# Quick inquiry if I may...



## MFB (Dec 20, 2011)

In an attempt to make more room in my ...room before I move out, I was about to bump a slightly old FS thread for my Jackson KV with a lowered price; until I noticed it's been closed for some reason. My only assumption is that it's because it was not an "assembled" guitar versus all the parts being there and thus maybe should've been in Gear vs. Guitars?
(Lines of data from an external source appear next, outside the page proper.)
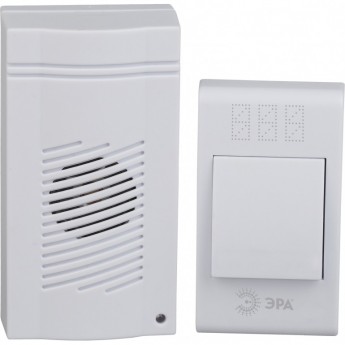 Звонок дверной ЭРА C51 беспроводной белый 32 мелодии Звонок дверной ЭРА C51 беспроводной белый 32 мелодии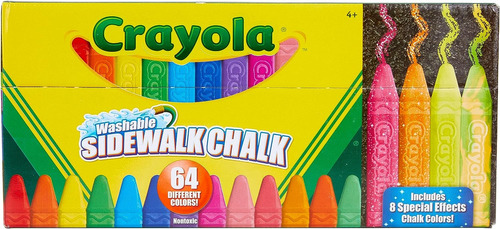 Crayola Sidewalk Chalk - Juego De Efectos Especiales, Juguet
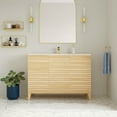 thumbnail image 2 of Cascade 48'' Bathroom Vanity in Natural Oak, 2 of 13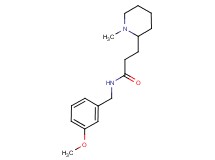 N-(3-methoxybenzyl)-3-(1-methyl-2-piperidinyl)propanamide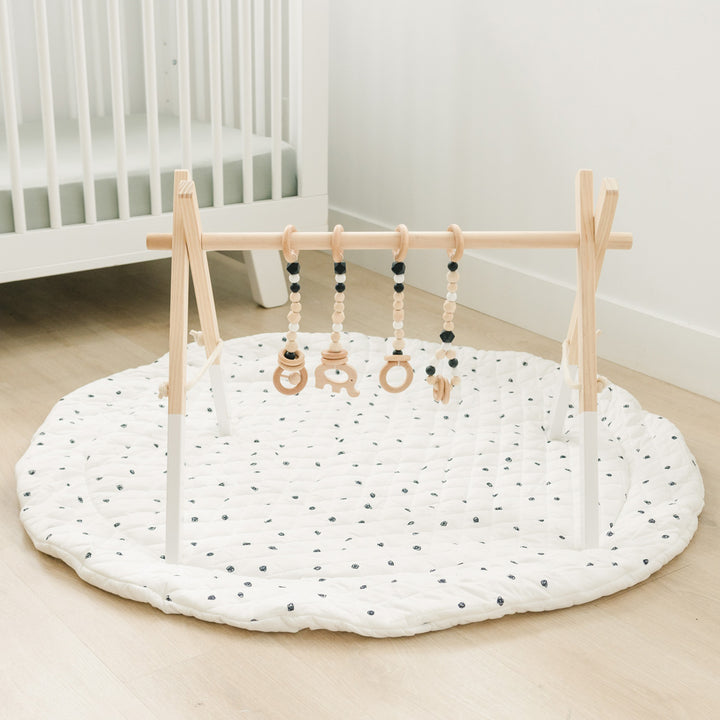 Wood Baby Gym + Toys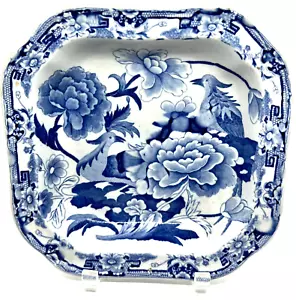 Fagianti per piatti vegetali Early Mason's Ironstone ~ Modello peonia ~ Circa 1814 - Foto 1 di 9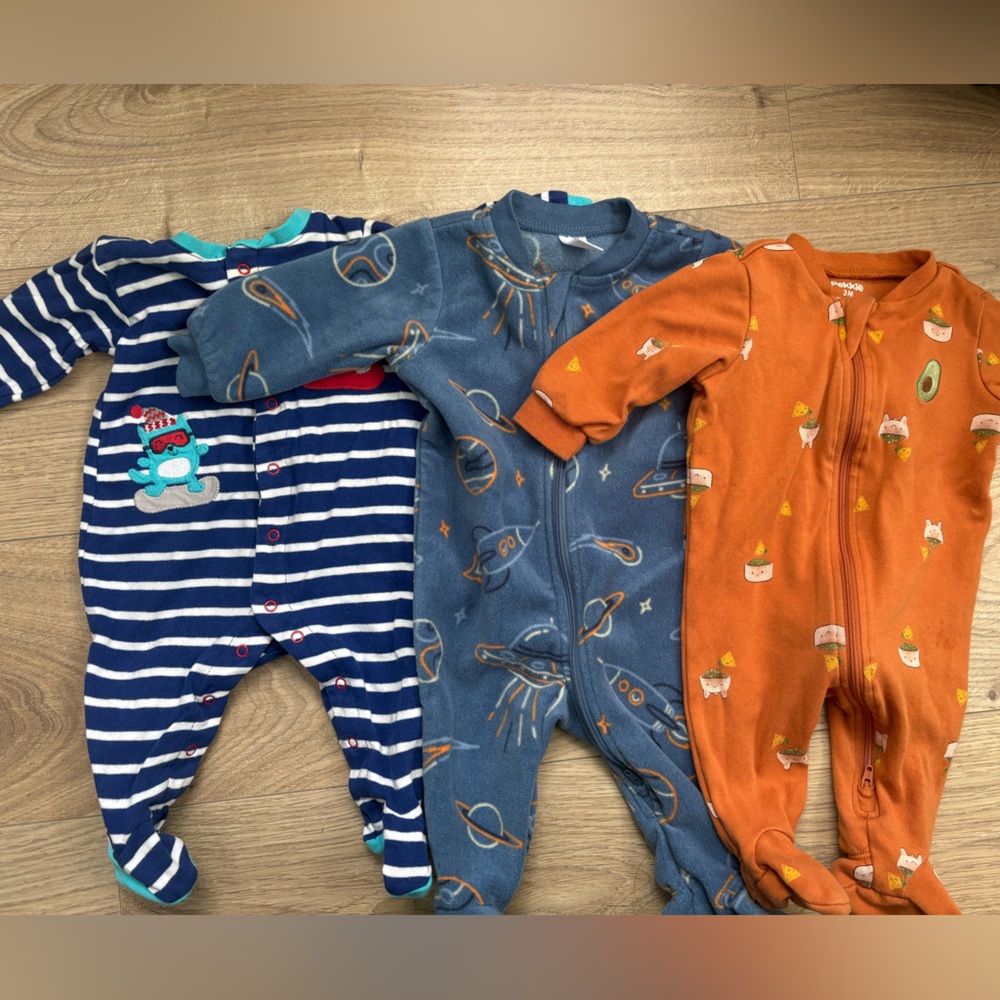 Orange and Blue Kids One Piece Set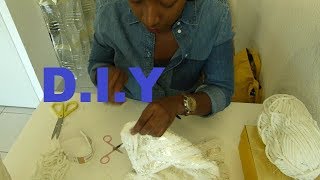 DIY  taie  d'oreiller : DIY  style berbére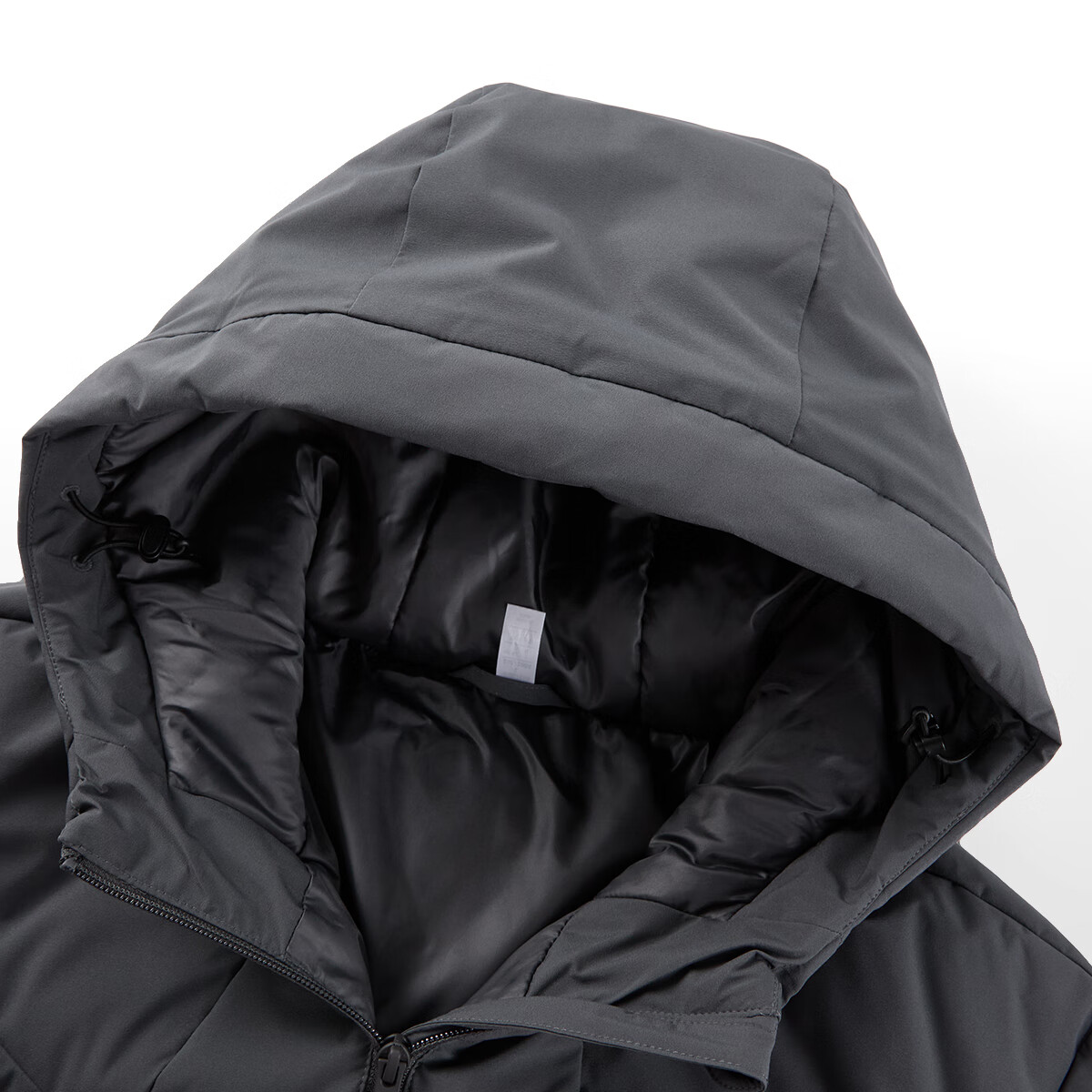 Adidas Men's Long Hooded Down Jacket Warm Fashionable Comfortable Outerwear Black M 3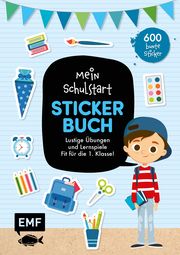 Das Stickerbuch zum Schulstart (blau)  9783745921267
If that's the case would it be possible to have it moved and re-opened so I can try and move it, since I feel like making a duplicate thread for it is just asking for trouble.

Here's the guitar/thread, http://www.sevenstring.org/forum/guitars-sale-trade-wanted/160365-jackson-js30kv-project.html


----------



## technomancer (Dec 20, 2011)

Opened and moved to Gear since it's parts... also it would have been more appropriate to just use the report post feature for this


----------



## MaxOfMetal (Dec 21, 2011)

I've been closing old FS/FT threads in the Guitar Marketplace. The way I figure, if a thread hasn't been bumped or modified in over three months, chances are, the guitar have moved, or are just no longer for sale. 

Anyone is free to report their older, closed FS/FT thread for it to be reopened. I just got tired of spammers and 1-post necros on them.


----------